Saturday, April 20, 2019

Black-headed Bunting

Black-headed Bunting Emberiza melanocephala 


  After a siesta from which I awoke feeling more disoriented than is normal, I headed back out for a circuit of 1-Gu in the mid-afternoon. It felt very unbirdy in town - the sense of a clearout in 1-Gu was reinforced when the banding team left early with a shrug and a “No birds.”
  As I walked along the first path above the quarry, I came across my first Yellow-rumped Flycatcher of the spring, a cracking male.  I slowly moved in closer, when a hiker with a trail radio came by and flushed the bird right on cue. After smiling my greeting and letting the man pass by, I waited for a few minutes for the bird to reappear. It didn’t.
  There are times when I talk to myself, and as I gave up on the flycatcher and continued down the path, I loosed a particularly salty stream of Québécois profanity. This outburst flushed a chunky, tan-toned bunting from scrub at my feet. Before it landed on the rock nearby, I knew what it was – Black-headed Bunting!
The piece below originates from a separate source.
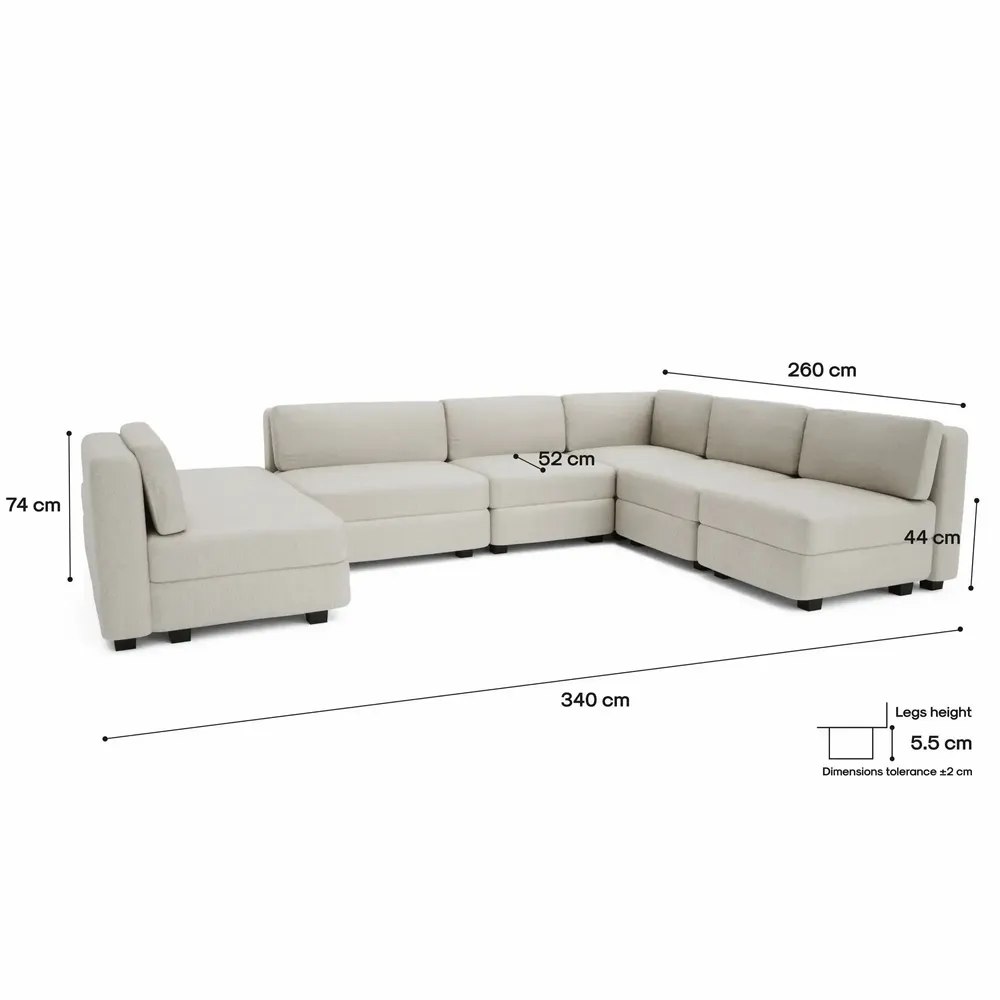 Sofas for hospitalities & contracts - Modular Sofa GRACIA - U-shaped 160 x 340 x 230 cm - Cream Beige - CITY SOFA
This is a rare overshoot to Korea that winters in India – definitely a species that wasn’t high on the list of birds I was expecting to see this spring! I made sure to get some record shots, and the bird was confiding for about 30 seconds, before it flew straight up the quarry wall, and appeared to carry on north towards wherever it thought it was migrating to. Tomorrow I will be swearing in French at random intervals, just to see what happens.